Emails that I can dash off an adequate response to get addressed immediately. The killers for me are the ones that merit a thoughtful reply, that I can't compose just now. Those run about fifty-fifty whether they ever get it.
maidhc said,
January 9, 2017 @ 4:47 pm
Depending on what you do for a living, you may frequently get emails that don't require an immediate response, but have to be retained just in case somebody brings up the subject again months later and you need to be able to go back and see what was originally said.
Theophylact said,
January 9, 2017 @ 5:01 pm
If you work for the government, there are records-retention requirements that may get you in deep trouble if you just delete old emails. In two words: Hillary Clinton.
djw said,
January 9, 2017 @ 10:33 pm
Theophylact–
How's that going to work with the Twitter-in-Chief? Will we assume that all of his correspondence will be public anyway since it will be written at 3 a.m. on a public forum?

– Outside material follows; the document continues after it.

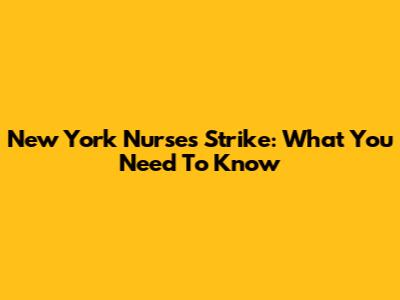 New York Nurses Strike: What You Need To Know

Or is the whole "records-retention requirement" suddenly going to bcome moot?
Michael Jack Assels said,
January 10, 2017 @ 12:16 am
I'm a retired now, but a year ago I was a sysadmin and postmaster at a university engineering faculty. I received literally thousands of e-mail messages per day, each with at least enough potential to be important that I had at least to glance at it. For a postmaster, even spam is relevant because it needs to be examined to see how it got past the spam filters. Handling mail was a full time job, and still, at the end of each day, there were always a few dozen that managed to go unhandled. I shudder to think how it must be at Gmail, Yahoo, or Hotmail.
New Year's resolutions • Zhi Chinese said,
January 10, 2017 @ 5:05 am
[…] Source: Language New Year's resolutions […]
WillJGT said,
January 10, 2017 @ 7:21 am
Back in the day, when my father went on vacation, "While You Were Out" phone messages would pile up on his desk. When he returned, he'd throw them away on the grounds that, if it was important, they'd call back.
Robert Coren said,
January 10, 2017 @ 11:11 am
Today's xkcd is distressingly close to not being a joke:
This is often the case with xkcd.
Steven Marzuola said,
January 10, 2017 @ 6:16 pm
Theophylact, I haven't worked for the government since before there was email. But employees at most companies are told that the IT department keeps copies of *everything*. It doesn't matter whether we delete it from our own inboxes.
Karen said,
January 10, 2017 @ 8:34 pm
When I retired from the government in June, one of the items on my checklist was "forward emails to your supervisor".
Andreas Johansson said,
January 11, 2017 @ 7:43 am
I often find myself searching through my email (both private and professional) for old mail I vaguely recall and that suddenly became relevant. So I'm a bit surprised at people who regularly delete.
John Roth said,
January 11, 2017 @ 8:27 pm
Many years ago I made one New Year's resolution that I've kept. I resolved to make no more New Year's resolutions.
Allan from Nevada, Iowa said,
January 15, 2017 @ 9:40 pm
There's a middle ground between deleting everything and keeping everything in your inbox — move it to a folder if you think there's a possibility of needing it someday.